Who decide a child’s upbringing & welfare?
A parent that has been granted with care and control of the child has the right to make daily decisions about a child’s upbringing and welfare. This right naturally belongs to the parent with whom the child lives.
In certain situations, the Court may find it suitable to grant shared care and control to both parents. In such a case, both parents have been granted with right of care and control over the child and no one parent has a superior right over the other parent.
What does it means to have Sole Care & Control
In event of the Court granting a parent with sole care and control, the other parent that has no care and control of the child is usually granted access to the child. Access gives the parent a right to have regular contact with the child and allows the parent-child bonding to continue notwithstanding the divorce of the parents.
It is noted that the Court generally grants the right of care and control of all the children to the same parent, without splitting up the siblings.
In deciding in whose custody, or in whose care and control a child should be placed, the Court’s paramount consideration shall always be the welfare of the child and subject to his paramount consideration, the court shall have regard to:
- the wishes of the parents of the child and.
- the wishes of the child, where he or she is of an age to express an independent opinion
It is noted that the Court’s approach is that of a child-centered approach. That is, to treat the interest of the child as paramount in dealing with divorced parties’ disputes involving children. It is believed that focusing on the needs of the children in acrimonious divorce proceedings can reduce the intensity and duration of the conflict between the parents. This may foster better relationships between the parents and their children, post-divorce.

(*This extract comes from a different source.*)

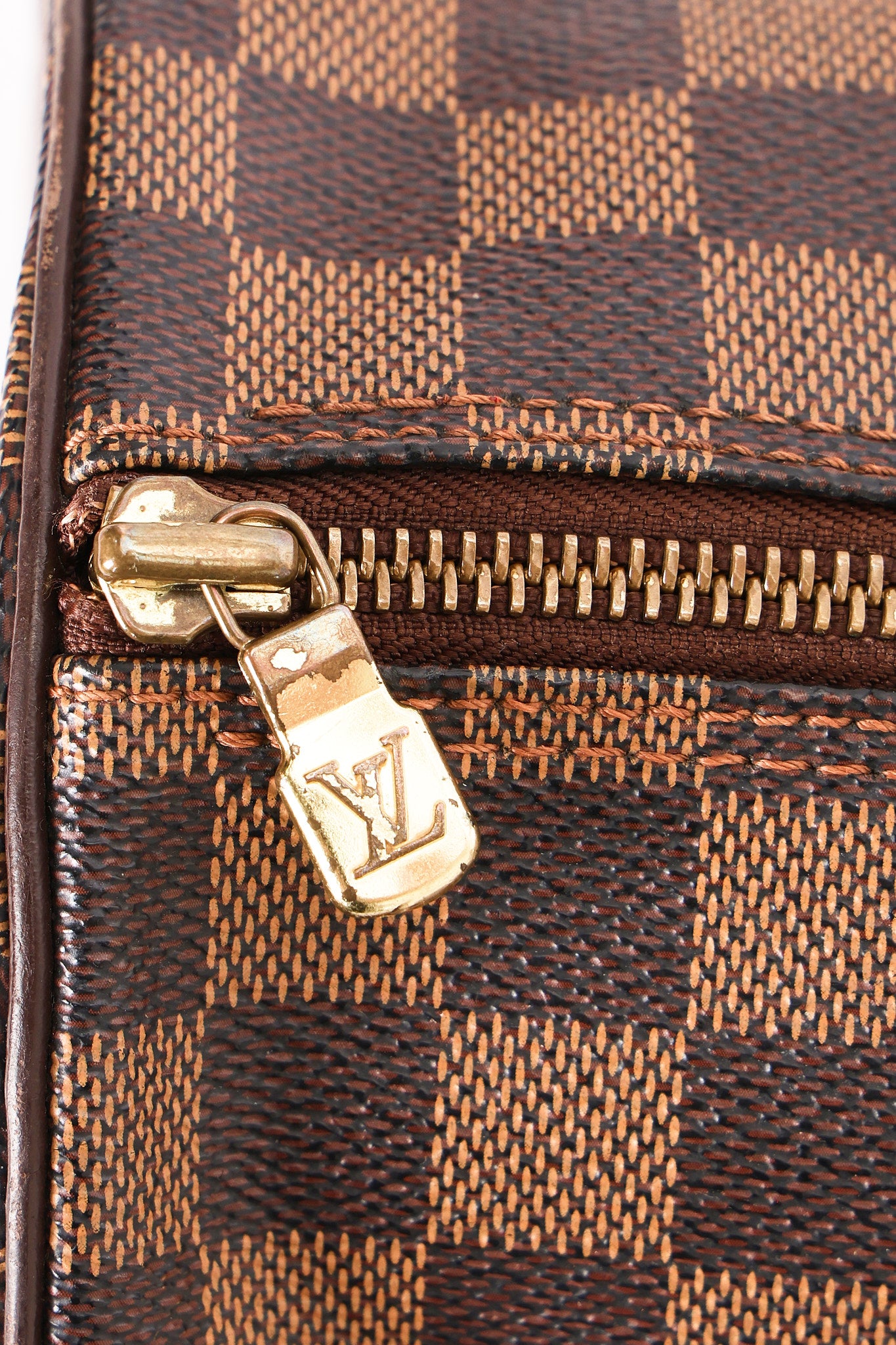 Louis Vuitton Damier Ebene Papillon 30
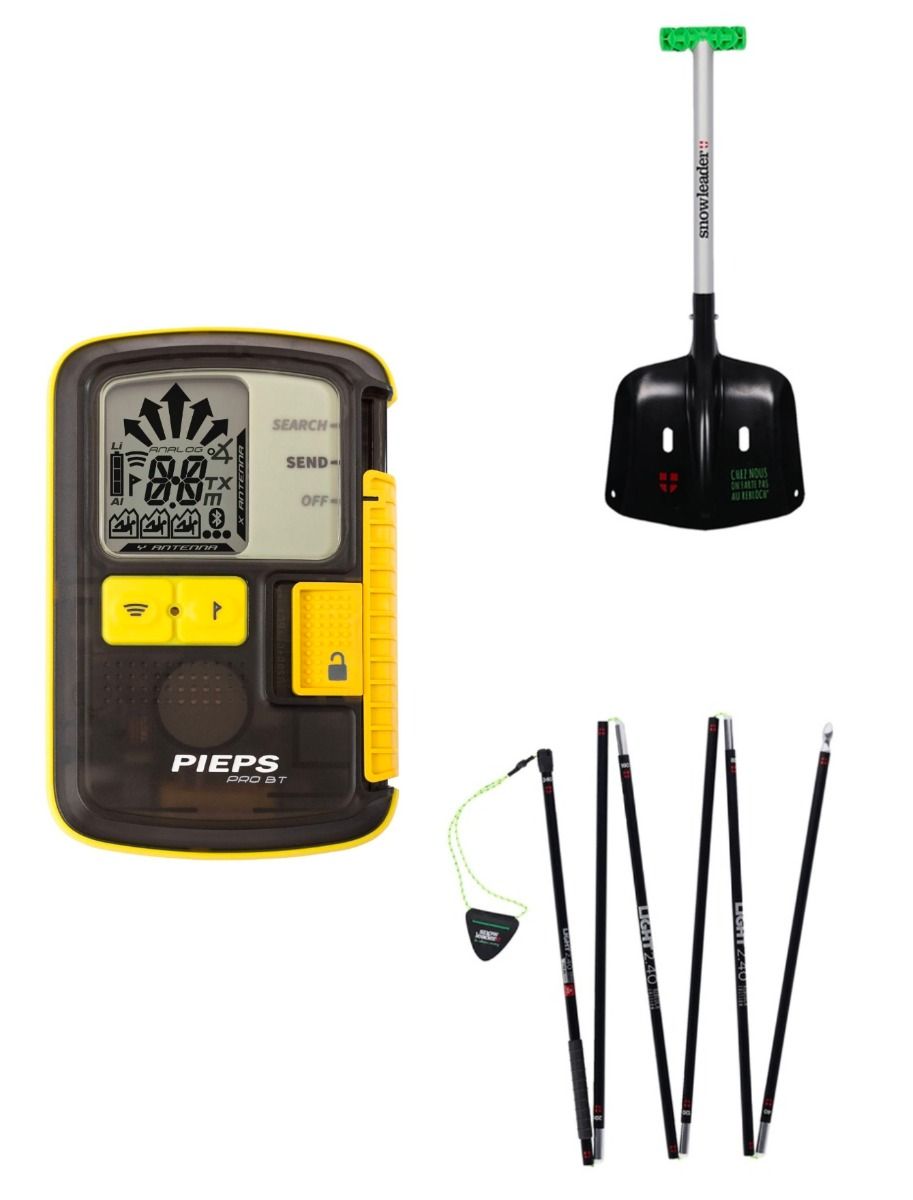 Pack DVA - Pro Bt Beacon + Pieps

These are relevant questions that you will need to think about when considering the care arrangements of the child upon divorce:-
- Who has been the primary or main caregiver for most of the child’s life?
- Who is the child close to?
- Which parent should the child live with? This parent would be the one with care and control of the child
- If you are the parent tasked with the care and control of the child,
will you need to change your current work schedule, daily routines or
living arrangements to accommodate the child?
- If you are not the parent with the care and control of the child,
what type of access arrangements is suitable based on your daily
routines or work schedule?
- If you have the right of access, what is the frequency and duration of each access you hope to have?
- If you have care and control, what type of access do you think is suitable?
Variation of court order for care arrangements
Any interested person may from time to time, apply to the Court for variation of any earlier court order for the custody or the care and control of a child. If the Court is convinced that the terms of the earlier court order is not or no longer in the children’s best interests of the children, the Court may vary the court order.
This is irrespective of the fact that the earlier court order may have been entered by consent of both parties.